Agarwal’s foray into business started in 1983 when he developed the “Action” line of athletic shoes. In 2005, he introduced “Campus” athletic sneakers for less than $10. Campus was able to compete with worldwide companies such as Nike, Adidas, and Puma, who offer athletic shoes for over $35, due to its affordable price.

Raman Chawla, Campus’ chief financial officer, explains, “He exploited the enormous void in the Indian sports shoe industry in the pricing range of $10 to $40.”

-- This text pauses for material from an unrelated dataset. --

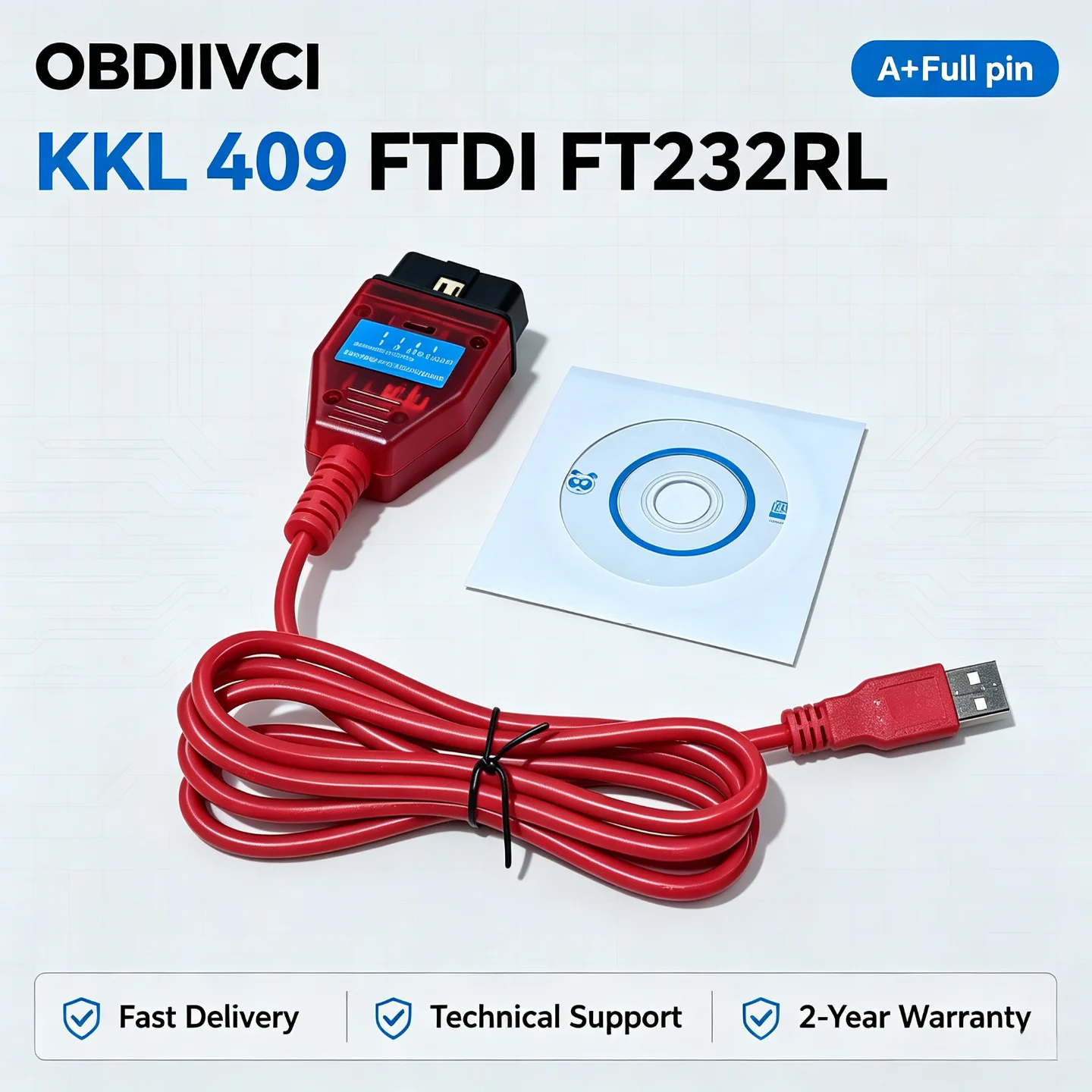 OBDIIVCI-VAG 409.1 KKL 409 FTDI FT232RL Real 9241A K Line OBD2 Car Diagnostic Tools Interface Cable For VW/Audi/Skoda/Seat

According to a study published in April 2022 by the Gurgaon consulting company Technopak, Campus was India’s leading participant in the branded sports and athleisure (fusion of “athletic” and “leisure”) category in fiscal 2021, both in terms of value and quantity of shoes. It has a market share of 17 percent by value and approximately 25 percent by volume.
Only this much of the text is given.